Para quienes están amenazados por las pandillas, hay pocas opciones. Mudarse en otra cosa, solo que una solución en el corto plazo en El Salvador, que es más pequeño que el estado de Massachusetts. Al final, los miembros de las maras es probable que pregunten a los jóvenes de donde vienen. Puede tratarse de la misma organización que controla la antigua colonia o localidad de la que procede. O podría ser una banda rival.

«Este es un país pequeño y no hay dónde esconderse», señaló Bougher.
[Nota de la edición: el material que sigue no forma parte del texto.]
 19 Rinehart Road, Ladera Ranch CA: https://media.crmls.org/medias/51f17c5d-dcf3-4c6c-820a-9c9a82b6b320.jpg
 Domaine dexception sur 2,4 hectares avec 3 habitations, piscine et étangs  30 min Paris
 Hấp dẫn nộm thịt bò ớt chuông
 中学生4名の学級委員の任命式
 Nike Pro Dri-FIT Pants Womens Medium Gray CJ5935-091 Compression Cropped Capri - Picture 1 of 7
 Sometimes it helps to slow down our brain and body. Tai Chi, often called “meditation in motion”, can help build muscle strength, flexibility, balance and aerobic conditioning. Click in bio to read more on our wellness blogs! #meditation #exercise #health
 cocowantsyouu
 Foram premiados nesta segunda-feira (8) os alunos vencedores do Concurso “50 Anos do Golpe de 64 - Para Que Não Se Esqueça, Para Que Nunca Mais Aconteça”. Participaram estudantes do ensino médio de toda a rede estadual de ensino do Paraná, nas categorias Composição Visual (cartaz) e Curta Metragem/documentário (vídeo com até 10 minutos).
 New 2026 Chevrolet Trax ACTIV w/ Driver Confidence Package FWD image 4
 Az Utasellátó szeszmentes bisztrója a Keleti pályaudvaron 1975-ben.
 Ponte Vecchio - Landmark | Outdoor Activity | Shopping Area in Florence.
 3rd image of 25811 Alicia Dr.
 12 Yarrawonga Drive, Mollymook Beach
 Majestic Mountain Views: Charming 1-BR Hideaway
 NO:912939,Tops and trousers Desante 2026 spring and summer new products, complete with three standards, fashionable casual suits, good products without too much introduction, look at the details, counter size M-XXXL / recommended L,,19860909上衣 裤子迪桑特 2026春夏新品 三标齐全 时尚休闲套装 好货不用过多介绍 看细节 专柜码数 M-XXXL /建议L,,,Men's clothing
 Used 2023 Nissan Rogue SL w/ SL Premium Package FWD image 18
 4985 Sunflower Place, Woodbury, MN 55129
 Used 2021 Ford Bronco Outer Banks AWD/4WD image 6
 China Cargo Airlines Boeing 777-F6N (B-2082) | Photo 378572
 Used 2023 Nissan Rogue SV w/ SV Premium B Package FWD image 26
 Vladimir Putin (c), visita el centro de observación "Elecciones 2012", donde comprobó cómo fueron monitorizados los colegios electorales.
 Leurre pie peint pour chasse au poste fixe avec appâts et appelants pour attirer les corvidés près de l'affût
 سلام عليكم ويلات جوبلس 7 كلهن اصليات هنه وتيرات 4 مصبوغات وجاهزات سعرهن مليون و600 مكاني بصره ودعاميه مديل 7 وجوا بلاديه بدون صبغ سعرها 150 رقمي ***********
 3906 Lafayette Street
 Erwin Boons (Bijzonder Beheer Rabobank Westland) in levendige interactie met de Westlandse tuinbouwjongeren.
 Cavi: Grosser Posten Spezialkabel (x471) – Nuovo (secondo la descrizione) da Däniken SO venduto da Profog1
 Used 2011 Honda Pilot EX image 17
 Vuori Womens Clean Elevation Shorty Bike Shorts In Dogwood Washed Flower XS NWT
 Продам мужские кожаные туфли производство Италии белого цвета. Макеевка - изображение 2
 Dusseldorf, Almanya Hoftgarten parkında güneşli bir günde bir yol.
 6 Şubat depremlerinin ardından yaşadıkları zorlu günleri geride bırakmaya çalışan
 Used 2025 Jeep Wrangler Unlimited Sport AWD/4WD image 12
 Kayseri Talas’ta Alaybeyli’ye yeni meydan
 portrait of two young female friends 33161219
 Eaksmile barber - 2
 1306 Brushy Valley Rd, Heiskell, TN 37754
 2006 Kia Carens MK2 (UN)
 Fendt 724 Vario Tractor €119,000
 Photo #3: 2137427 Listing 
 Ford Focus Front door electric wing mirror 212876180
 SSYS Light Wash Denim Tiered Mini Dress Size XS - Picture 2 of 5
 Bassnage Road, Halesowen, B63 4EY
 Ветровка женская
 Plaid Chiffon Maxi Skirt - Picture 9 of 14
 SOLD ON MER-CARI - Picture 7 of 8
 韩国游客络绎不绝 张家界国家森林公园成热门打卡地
Se estima que el 90% de las personas que están deportadas desde Estados Unidos vuelven a tener el mismo destino, explica Mauro Verzeletti, un sacerdote brasileño que dirige el Centro Pastoral para Migrantes, que cuenta con albergues en el país como en México. .

La mujer que regresó el jueves a El Salvador dijo que no sabía si volverá a intentarlo. Primero tiene que saber cuándo regresará su pareja, que sigue detenido en Texas.

Pidió presétete un celular para llamar a un amigo que la lleva a la pequeña casa de ladrillo que había perdido para siempre, una vivienda llena de recuerdos de sus hijos ausentes, en un pueblo controlado por la violencia de las maras.

Preguntada por quién la esperaba, miró al suelo y respondió con un hilo de voz: «Nadie».